## DIRECTIONS FOR THIS TASK
Going line by line through the records below, count those with the word "черный" and give only the count.

Scraped caption text data:
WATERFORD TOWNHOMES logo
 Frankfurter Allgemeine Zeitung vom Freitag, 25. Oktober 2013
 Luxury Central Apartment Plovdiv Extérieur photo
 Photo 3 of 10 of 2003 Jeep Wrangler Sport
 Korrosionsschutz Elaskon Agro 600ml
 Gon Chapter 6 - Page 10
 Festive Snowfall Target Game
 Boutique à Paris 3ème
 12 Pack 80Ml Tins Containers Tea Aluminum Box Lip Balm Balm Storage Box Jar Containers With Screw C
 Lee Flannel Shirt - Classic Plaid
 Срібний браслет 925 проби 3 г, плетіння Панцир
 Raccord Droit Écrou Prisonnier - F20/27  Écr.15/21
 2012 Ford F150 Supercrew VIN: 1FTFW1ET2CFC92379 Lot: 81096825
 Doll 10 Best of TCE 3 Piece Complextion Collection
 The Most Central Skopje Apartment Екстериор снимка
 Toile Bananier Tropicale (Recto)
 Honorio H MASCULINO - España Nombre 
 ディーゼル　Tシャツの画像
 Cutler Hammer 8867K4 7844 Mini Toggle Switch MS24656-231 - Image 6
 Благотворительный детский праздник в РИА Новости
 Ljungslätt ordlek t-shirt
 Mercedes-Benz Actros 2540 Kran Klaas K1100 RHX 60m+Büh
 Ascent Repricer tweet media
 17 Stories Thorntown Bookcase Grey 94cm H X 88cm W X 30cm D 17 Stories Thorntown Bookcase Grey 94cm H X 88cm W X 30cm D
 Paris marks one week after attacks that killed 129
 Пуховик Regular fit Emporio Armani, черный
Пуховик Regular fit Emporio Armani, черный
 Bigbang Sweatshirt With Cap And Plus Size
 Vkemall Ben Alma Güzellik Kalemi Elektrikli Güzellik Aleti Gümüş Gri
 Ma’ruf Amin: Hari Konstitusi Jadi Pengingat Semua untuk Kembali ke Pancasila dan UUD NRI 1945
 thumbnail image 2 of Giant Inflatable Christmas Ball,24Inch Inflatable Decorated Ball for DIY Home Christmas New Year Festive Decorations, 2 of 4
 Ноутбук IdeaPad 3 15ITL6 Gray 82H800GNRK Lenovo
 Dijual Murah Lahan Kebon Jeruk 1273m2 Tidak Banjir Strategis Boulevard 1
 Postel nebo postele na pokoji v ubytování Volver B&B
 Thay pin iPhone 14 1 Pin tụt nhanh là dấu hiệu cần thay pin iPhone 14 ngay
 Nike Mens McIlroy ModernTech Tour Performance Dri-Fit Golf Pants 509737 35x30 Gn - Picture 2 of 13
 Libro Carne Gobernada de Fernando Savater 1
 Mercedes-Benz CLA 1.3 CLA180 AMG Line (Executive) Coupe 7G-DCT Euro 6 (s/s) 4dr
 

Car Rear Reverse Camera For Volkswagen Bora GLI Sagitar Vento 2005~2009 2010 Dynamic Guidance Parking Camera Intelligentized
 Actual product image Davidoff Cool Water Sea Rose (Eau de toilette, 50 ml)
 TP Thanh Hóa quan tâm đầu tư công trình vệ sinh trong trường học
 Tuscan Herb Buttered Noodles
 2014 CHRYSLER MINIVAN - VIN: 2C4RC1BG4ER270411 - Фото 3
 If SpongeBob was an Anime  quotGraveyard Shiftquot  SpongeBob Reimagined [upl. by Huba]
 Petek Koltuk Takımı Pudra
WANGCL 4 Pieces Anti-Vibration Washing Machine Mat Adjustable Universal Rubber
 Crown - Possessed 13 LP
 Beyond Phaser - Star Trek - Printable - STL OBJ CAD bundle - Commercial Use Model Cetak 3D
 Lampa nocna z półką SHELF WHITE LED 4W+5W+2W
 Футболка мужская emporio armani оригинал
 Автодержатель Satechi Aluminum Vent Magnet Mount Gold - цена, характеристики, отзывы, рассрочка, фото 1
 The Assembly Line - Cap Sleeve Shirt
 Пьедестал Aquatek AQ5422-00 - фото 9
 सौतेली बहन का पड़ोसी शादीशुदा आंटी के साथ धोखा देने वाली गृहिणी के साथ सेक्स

## RESPONSE TO THIS TASK
2